§ Task details:
Omit all images, then repeat exactly the lines below from the one containing "Young hispanic man" through the one containing "unfurnished living room", both ends included.

§ Data extract:

▼

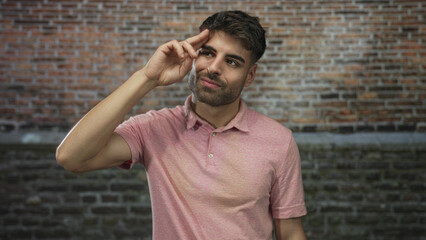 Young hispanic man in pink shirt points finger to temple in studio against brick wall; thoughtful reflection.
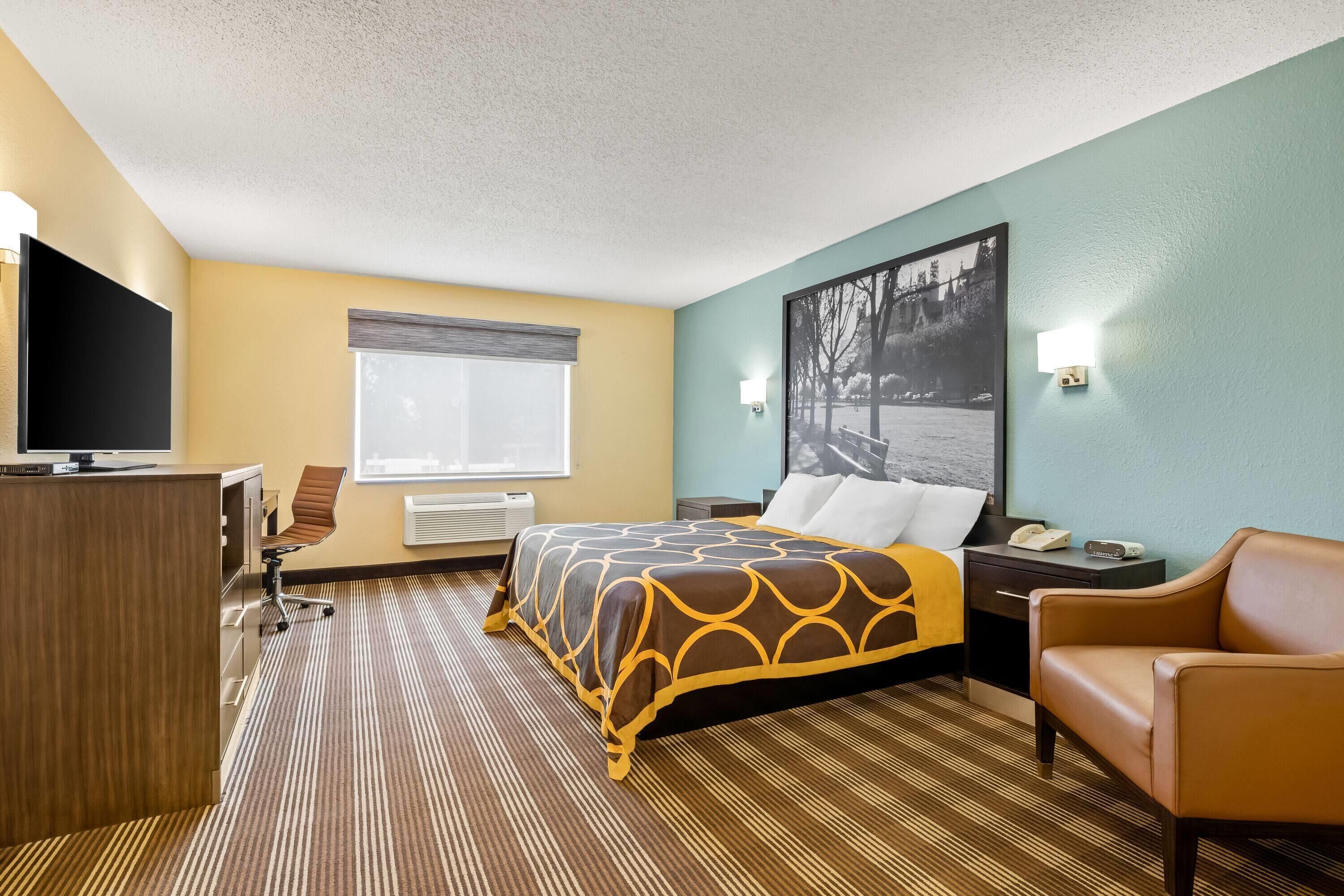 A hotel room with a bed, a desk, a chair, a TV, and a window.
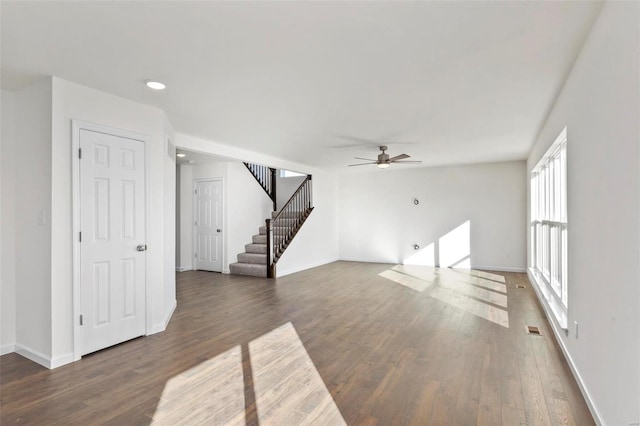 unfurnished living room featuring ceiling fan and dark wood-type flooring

▲
▼

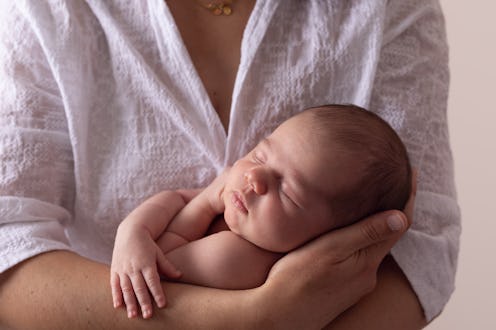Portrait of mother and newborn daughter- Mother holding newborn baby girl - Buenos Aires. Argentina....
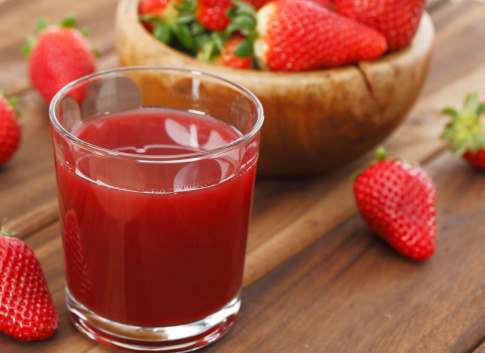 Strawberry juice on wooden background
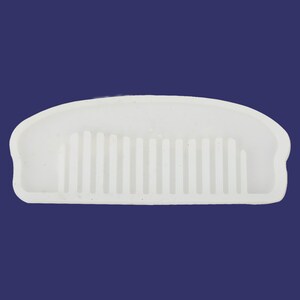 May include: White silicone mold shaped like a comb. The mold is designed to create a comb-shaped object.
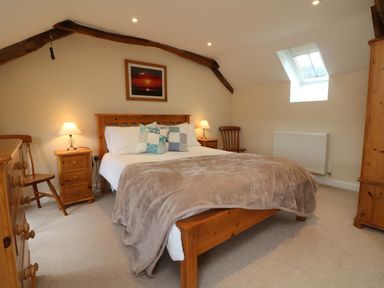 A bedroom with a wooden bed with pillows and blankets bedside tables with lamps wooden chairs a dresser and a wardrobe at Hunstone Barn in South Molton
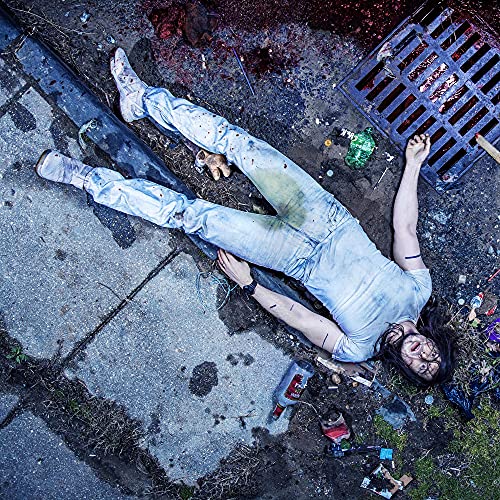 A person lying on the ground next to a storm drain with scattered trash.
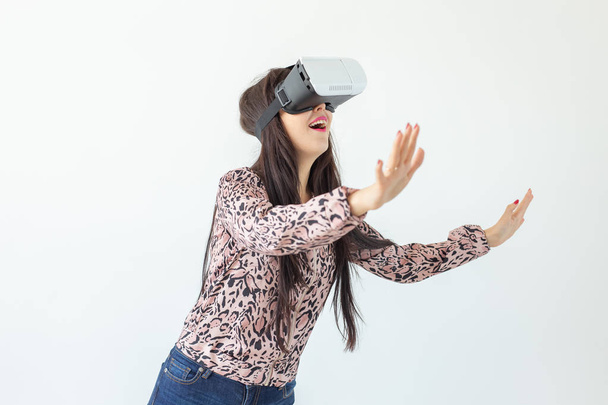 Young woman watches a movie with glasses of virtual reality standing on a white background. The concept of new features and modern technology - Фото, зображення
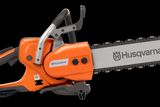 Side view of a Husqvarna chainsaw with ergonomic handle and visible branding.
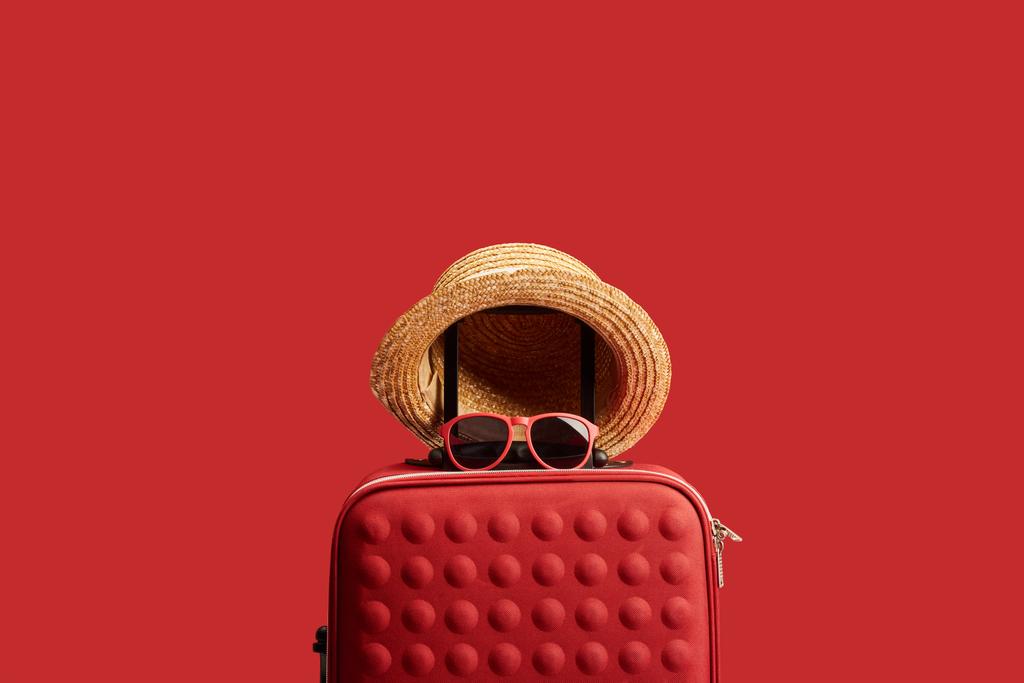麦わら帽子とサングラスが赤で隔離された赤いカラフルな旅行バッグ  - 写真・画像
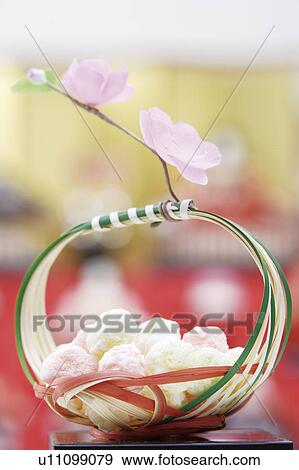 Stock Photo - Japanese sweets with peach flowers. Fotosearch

▲
▼

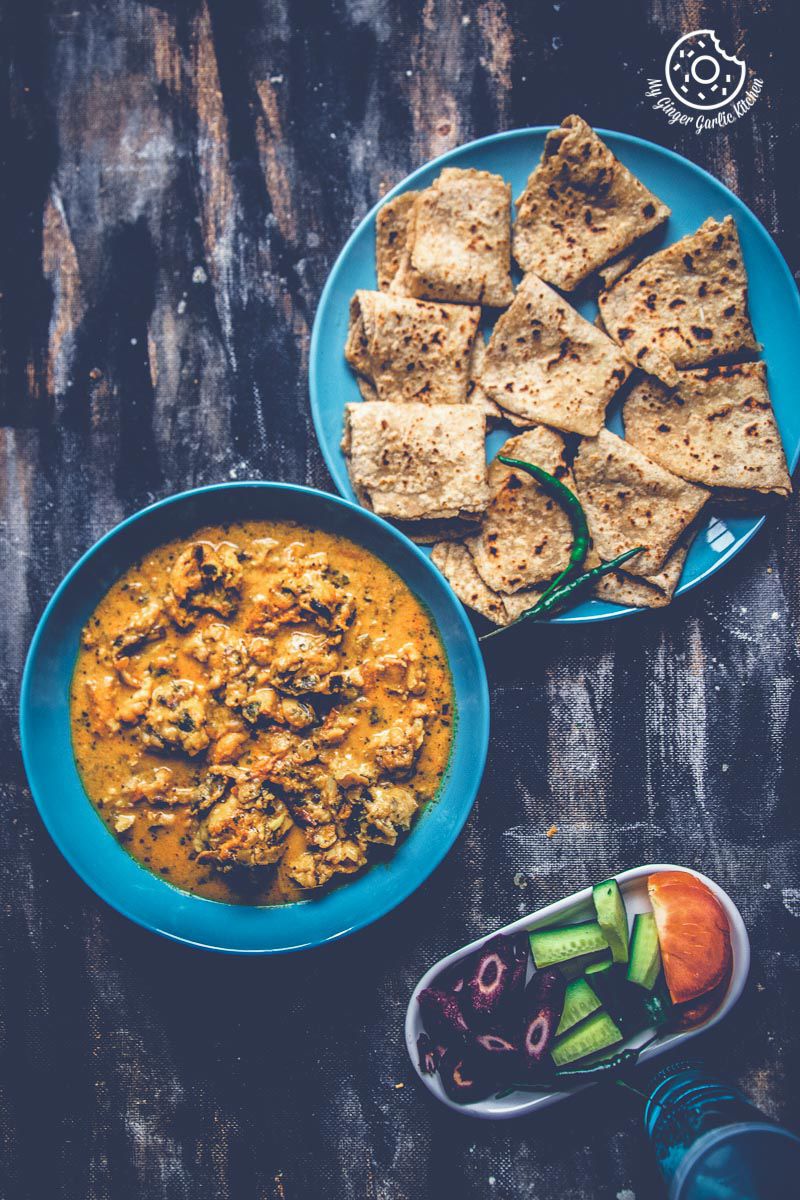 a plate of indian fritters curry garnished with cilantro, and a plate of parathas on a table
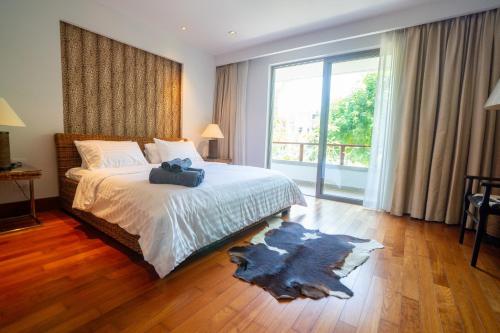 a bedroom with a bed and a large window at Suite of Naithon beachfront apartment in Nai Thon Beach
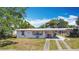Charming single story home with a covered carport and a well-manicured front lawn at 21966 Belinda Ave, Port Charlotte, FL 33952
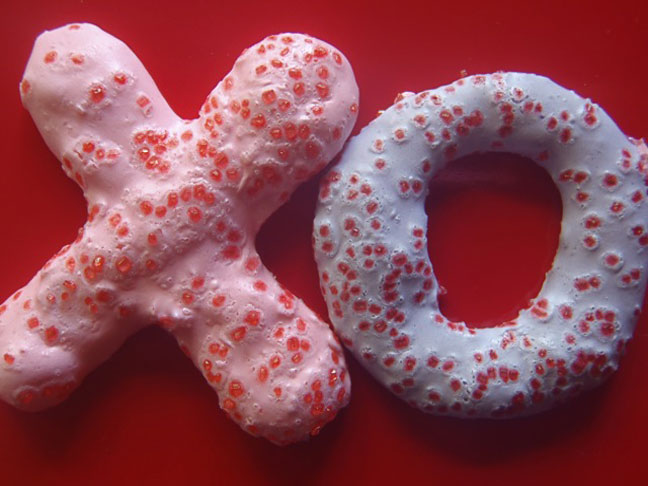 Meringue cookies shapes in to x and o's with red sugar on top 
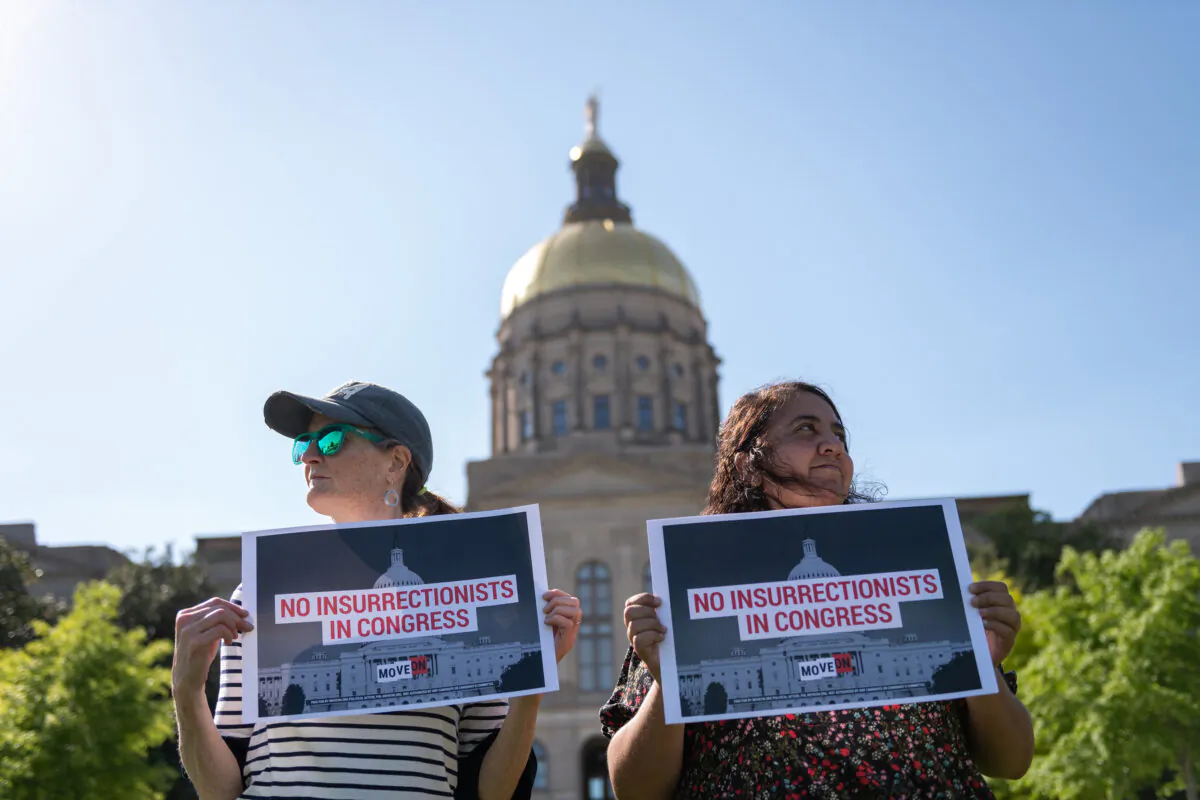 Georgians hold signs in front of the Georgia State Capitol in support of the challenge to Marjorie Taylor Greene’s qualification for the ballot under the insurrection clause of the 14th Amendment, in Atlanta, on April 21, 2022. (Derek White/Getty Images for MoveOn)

▲

§ Answer space:
 Young hispanic man in pink shirt points finger to temple in studio against brick wall; thoughtful reflection.
 A hotel room with a bed, a desk, a chair, a TV, and a window.
 unfurnished living room featuring ceiling fan and dark wood-type flooring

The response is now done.